Strokes are the world’s second most common cause of both death and long-term disability. One in four adults over the age of 25 will suffer a stroke in their lifetime. If a blood clot in the brain cannot be removed using drugs, those affected require emergency surgery, which sees the surgeon manoeuvre a catheter through an artery past the heart into the brain to clear away the disturbance of the blood supply. The sooner and faster the procedure is carried out, the lower the patient’s risk of sustaining long-term damage. Up until now, surgeons have commonly used a pull wire to manually navigate the catheter tip through the convoluted network of blood vessels.
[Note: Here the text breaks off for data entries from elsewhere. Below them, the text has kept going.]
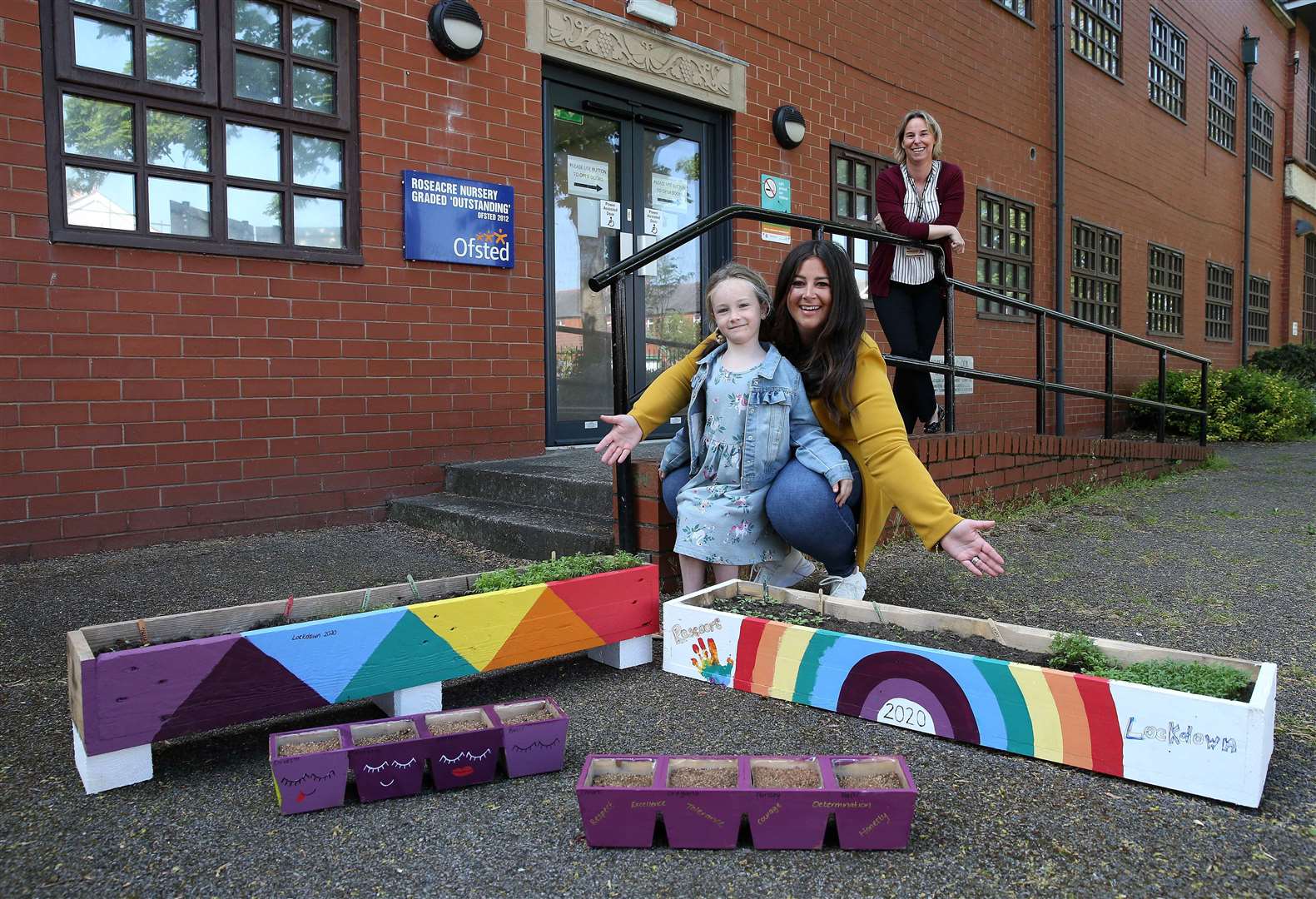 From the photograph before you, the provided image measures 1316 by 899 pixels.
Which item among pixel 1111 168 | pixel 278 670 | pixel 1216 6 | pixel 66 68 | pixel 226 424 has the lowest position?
pixel 278 670

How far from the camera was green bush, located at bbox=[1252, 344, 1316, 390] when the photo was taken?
1496 centimetres

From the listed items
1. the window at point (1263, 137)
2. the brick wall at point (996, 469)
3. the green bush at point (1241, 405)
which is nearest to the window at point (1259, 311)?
the window at point (1263, 137)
The drawback of this method is that, since the tip can only be moved in two directions, the complex procedure takes a long time and requires a great deal of skill and experience.
ETH spin-off Nanoflex has now developed a new type of catheter steered by remote control and computer via a magnetic field. “Not only can the catheter tip be bent in any direction thanks to a magnetic head; it’s also smaller, more manoeuvrable and safer due to the softness of the material,” explains ETH alumnus Christophe Chautems, one of the three founders of Nanoflex.
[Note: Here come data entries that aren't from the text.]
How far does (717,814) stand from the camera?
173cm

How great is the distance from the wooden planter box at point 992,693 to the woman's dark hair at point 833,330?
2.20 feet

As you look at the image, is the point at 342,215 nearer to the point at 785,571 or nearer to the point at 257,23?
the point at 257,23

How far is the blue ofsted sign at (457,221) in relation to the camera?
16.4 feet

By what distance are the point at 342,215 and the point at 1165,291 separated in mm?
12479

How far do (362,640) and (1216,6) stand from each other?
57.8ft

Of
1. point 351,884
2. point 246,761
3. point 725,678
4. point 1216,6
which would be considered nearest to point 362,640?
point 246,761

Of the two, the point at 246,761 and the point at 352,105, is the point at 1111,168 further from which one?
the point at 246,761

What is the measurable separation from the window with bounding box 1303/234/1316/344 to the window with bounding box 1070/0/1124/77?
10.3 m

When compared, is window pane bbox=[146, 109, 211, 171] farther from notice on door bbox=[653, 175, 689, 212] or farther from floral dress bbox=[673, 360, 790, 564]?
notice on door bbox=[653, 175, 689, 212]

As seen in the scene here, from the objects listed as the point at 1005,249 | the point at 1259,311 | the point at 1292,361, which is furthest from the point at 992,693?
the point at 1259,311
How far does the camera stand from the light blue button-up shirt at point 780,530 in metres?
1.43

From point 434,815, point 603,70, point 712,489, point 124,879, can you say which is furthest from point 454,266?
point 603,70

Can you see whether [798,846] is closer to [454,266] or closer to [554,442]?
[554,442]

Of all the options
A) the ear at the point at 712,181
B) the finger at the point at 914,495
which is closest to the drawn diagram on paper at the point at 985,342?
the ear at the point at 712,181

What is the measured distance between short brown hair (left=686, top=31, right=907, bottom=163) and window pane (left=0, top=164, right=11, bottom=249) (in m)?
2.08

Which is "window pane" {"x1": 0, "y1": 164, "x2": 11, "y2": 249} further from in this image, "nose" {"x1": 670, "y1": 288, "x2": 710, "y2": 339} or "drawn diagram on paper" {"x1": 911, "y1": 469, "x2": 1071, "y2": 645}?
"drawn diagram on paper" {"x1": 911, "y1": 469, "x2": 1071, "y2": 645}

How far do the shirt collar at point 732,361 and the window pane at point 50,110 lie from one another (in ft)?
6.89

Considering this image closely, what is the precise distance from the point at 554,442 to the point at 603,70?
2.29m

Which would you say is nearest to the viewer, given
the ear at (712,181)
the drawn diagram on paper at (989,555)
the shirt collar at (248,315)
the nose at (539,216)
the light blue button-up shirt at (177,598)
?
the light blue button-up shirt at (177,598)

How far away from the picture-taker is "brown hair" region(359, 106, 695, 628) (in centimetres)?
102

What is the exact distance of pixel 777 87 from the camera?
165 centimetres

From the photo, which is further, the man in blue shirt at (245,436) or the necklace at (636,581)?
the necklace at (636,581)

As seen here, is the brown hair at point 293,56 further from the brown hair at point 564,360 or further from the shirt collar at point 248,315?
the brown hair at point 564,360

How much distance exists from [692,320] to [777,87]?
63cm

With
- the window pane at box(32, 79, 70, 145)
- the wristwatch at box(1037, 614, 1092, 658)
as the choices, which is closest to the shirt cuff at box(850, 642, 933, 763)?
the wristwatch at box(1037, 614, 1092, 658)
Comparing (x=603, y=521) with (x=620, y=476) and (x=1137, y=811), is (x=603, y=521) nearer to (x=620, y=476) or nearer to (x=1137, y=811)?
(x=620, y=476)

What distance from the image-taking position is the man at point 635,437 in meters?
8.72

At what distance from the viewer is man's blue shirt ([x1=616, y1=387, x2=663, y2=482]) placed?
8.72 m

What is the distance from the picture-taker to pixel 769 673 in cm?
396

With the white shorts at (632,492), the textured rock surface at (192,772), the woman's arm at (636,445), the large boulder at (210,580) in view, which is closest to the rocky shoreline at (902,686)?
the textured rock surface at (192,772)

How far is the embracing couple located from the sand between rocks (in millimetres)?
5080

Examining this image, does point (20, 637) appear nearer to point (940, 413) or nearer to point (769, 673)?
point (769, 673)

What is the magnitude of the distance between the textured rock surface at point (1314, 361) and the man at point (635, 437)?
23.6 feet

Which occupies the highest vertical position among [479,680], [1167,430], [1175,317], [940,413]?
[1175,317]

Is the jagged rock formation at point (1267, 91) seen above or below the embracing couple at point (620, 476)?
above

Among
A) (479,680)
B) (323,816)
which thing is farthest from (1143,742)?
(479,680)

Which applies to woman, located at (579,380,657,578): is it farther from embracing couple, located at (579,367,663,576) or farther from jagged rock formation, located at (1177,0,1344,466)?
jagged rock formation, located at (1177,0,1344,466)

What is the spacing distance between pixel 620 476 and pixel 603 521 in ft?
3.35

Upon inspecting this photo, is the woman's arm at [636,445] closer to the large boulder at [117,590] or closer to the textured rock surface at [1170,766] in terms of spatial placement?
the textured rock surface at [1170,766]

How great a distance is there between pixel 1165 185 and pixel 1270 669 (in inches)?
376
Image source: Stefan Weiss / ETH Zürich
In future, the magnetic catheter’s precision steering will speed up and simplify procedures compared to conventional catheters. “Even surgeons with less experience should be able to treat strokes with our system,” Chautems says. Since hospitals are currently short of catheter specialists, Chautems and his team are hopeful that their system will give more patients access to prompt stroke treatment. Having a soft and more manoeuvrable catheter should also reduce the risk of accidental vessel damage. Another advantage is that the surgeon steers the magnetic catheter by remote control, which means they don’t have to be at the patient’s side during the procedure. This shields doctors from the radiation of the X-ray machine that allows them to get their bearings inside the patient’s body.
“With our system, it will be possible to carry out procedures from a distance by remote control and on a screen,” says Silvia Viviani, who studied robotics at ETH Zurich and has worked at Nanoflex since 2021. The researchers at the start-up are hoping that, in future, stroke patients will be operated on – as quickly as possible – at the nearest local hospital by a specialist who doesn’t even have to be on the premises. This would save precious time.
Image source: Stefan Weiss / ETH Zürich
For surgeons to be able to work with the magnetic catheter, patients must lie next to a magnetic navigation system that creates a directed magnetic field. The system and the related software were developed at ETH Professor Bradley Nelson’s Multi-Scale Robotics Lab. Nelson co-founded Nanoflex together with Christophe Chautems and Matt Curran in 2021. Curran, the young company’s CEO, has over 20 years of medtech experience under his belt. Since its founding, the ETH spin-off has been supported by the Wyss Zurich Translational Center.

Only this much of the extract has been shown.